Instructions for the task: Could you retype exactly the line containing "50HZ 箱にヨレや文字痕あり 【越谷店】" and every line after it in the data below, leaving out the pictures?
▬▬▬
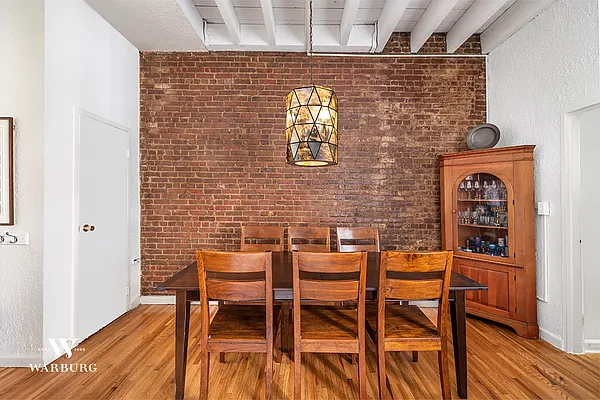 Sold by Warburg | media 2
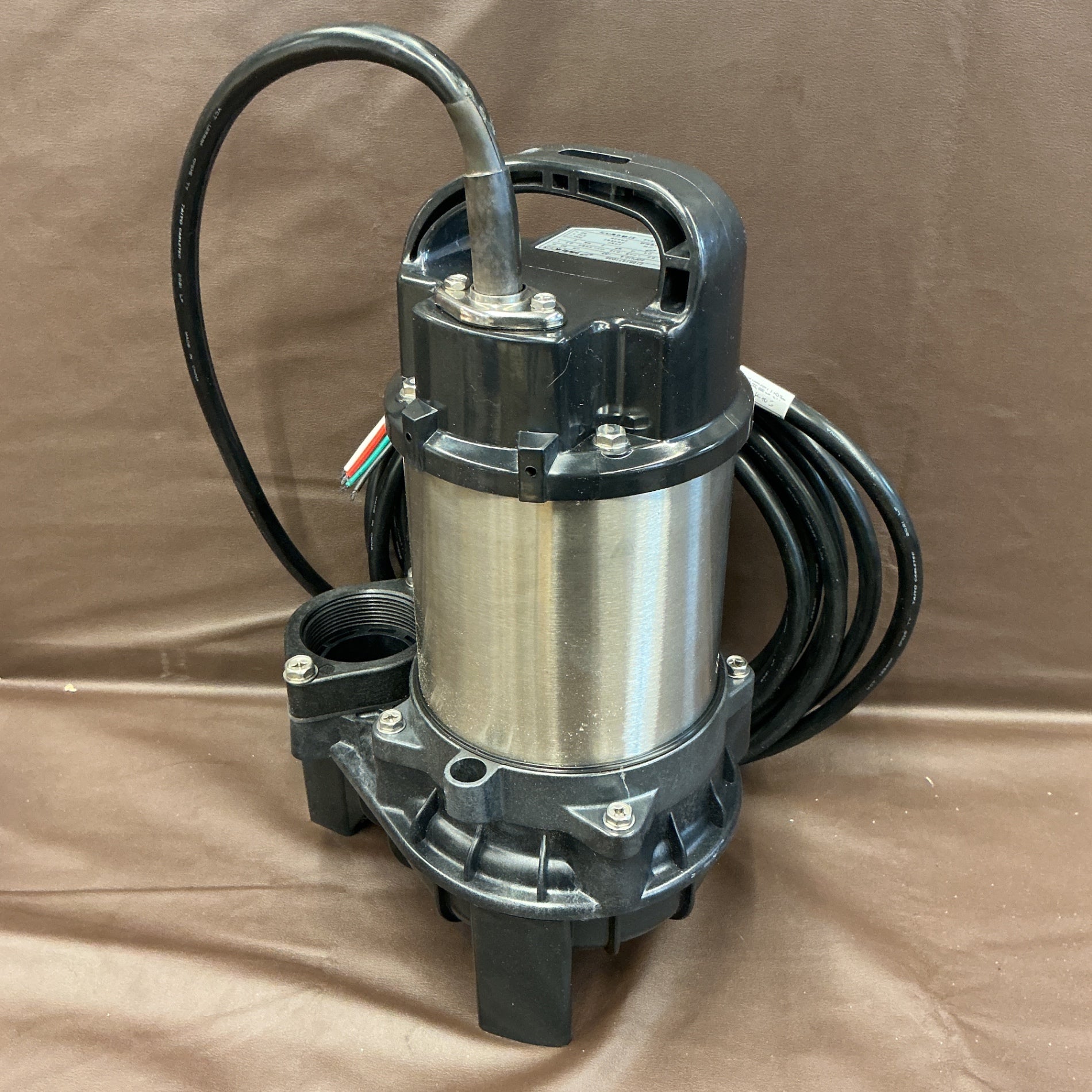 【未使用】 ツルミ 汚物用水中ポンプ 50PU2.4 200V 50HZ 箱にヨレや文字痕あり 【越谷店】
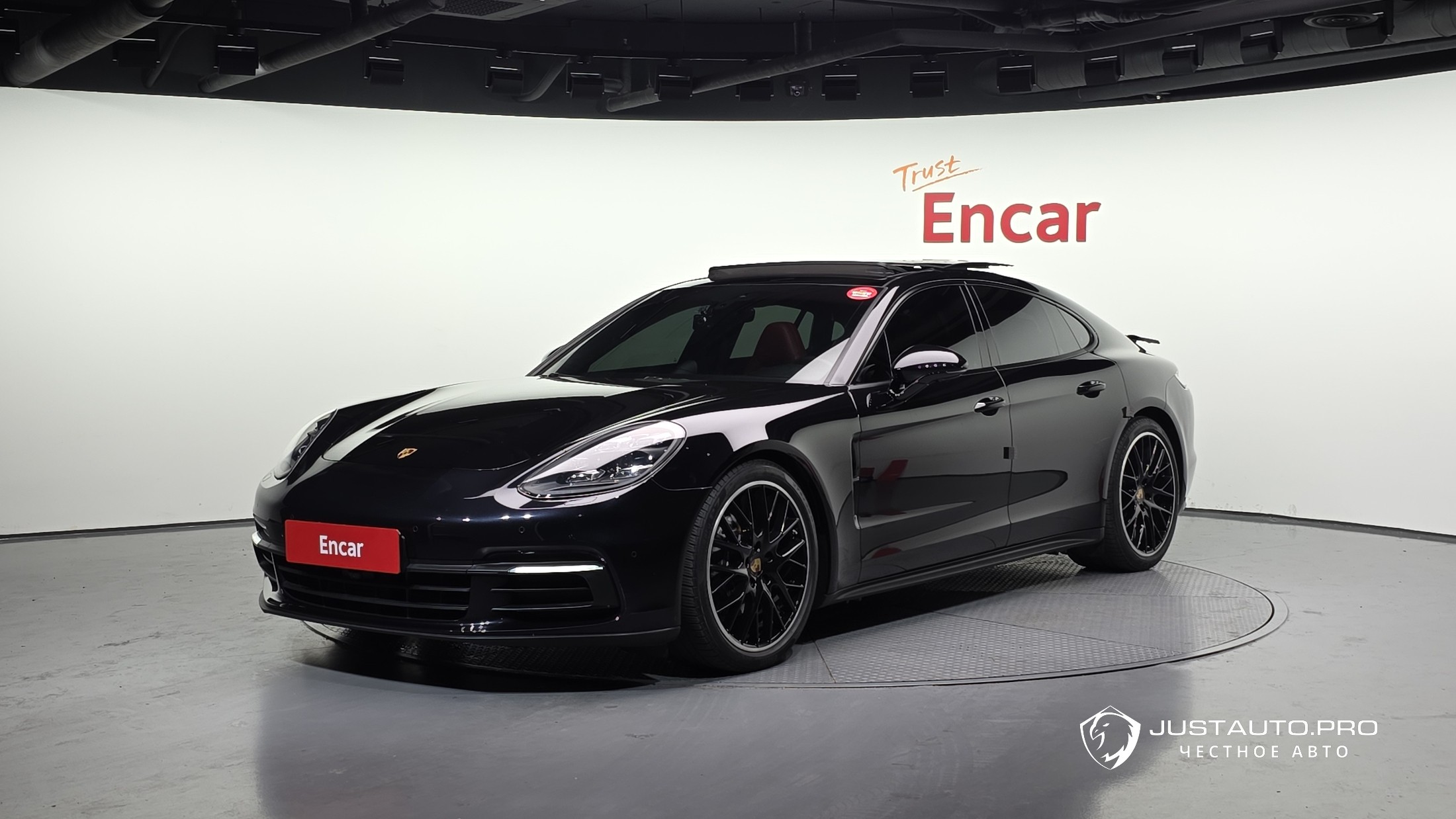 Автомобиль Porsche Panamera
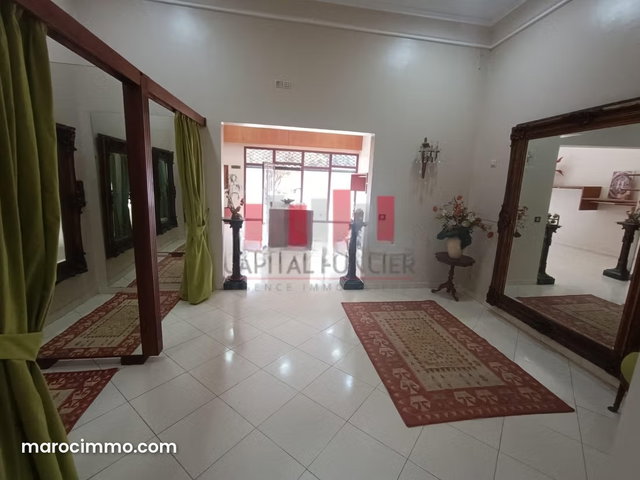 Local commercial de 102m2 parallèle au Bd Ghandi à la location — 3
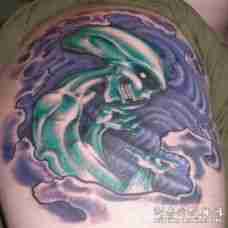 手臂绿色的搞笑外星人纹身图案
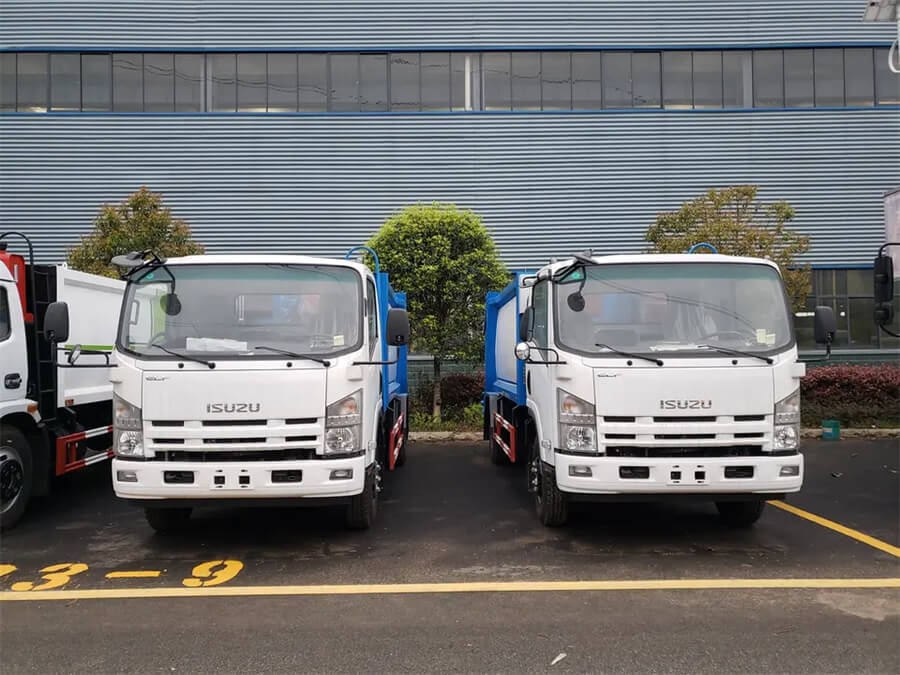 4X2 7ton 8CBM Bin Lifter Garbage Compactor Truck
▬▬▬
Reply:
 【未使用】 ツルミ 汚物用水中ポンプ 50PU2.4 200V 50HZ 箱にヨレや文字痕あり 【越谷店】
 Автомобиль Porsche Panamera
 Local commercial de 102m2 parallèle au Bd Ghandi à la location — 3
 手臂绿色的搞笑外星人纹身图案
 4X2 7ton 8CBM Bin Lifter Garbage Compactor Truck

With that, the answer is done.